La partida temporal del padre. ¿Cómo saber que era temporal? El derrumbe de esa mujer que era la madre. Su manera de resurgir en toda su fuerza ante ella misma, ante sus hijes: "Mi madre estaba al frente del salón que el grupo ocupaba en la parte trasera de la iglesia en San Ángel. La misma en que se casó, la misma en que yacen sus cenizas en la urna contigua a la de mi padre...  Las invito, nos dijo a mi hermana y a mí —mi hermano, ya lo he dicho, no vivía en la Ciudad de México—, a mi segundo aniversario... admiración. Mi madre contaba su tránsito del beber imparable al control día a día que había logrado apoyada por el similar empeño de sus compañeros... Nos compartía el abismo y esa fuerza de la que estaba hecha. Atestigüé la sinceridad de su naufragio y la naturalidad de su recuento. Comprendí que mi madre había regresado de las tinieblas". 
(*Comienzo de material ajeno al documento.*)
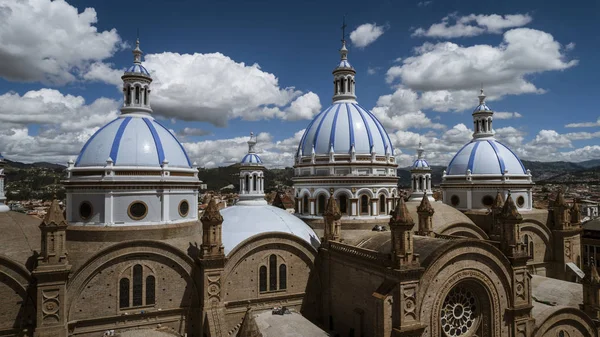 Aeiral drone kilátás a Dóm az új katedrális Cuenca Ecuador, mint látható a szeminárium — Stock Fotó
Como en la letra de esa inolvidable canción "Las hojas muertas": Los recuerdos y también los remordimientos. Es bastante más bonito y exacto en ·francés "regrets". Todo lo que una escuchó mal o no lo suficientemente bien, porque por más que la realidad nos grite lo contrario una madre y un padre siguen siendo, como en la infancia: inmortales. "Si ya no podría caminar, como ya no lo hizo, ni siquiera incorporarse de la cama porque perdió la autonomía del torso, ¿por qué no haberle dado ese gusto, ese paseo en silla de ruedas, en carriola por el parque de su circunstancia? Solo pedía un auxiliar ortopédico. Estaba atrapado". La tan difícil toma de decisiones ante el avance de las traiciones de los cuerpos. El estupor. El pánico. Las palabras inentendibles de los especialistas. Elegir a marchas forzadas. Ese malentendido implícito en la frase falsamente bordada de esperanza: "alargar la vida". "Cuando omitimos revelar (le) el tiempo que le quedaba de vida", escribe Mónica. Quizá hay "omisiones" que llevan su intensa carga de amoroso llamado al milagro.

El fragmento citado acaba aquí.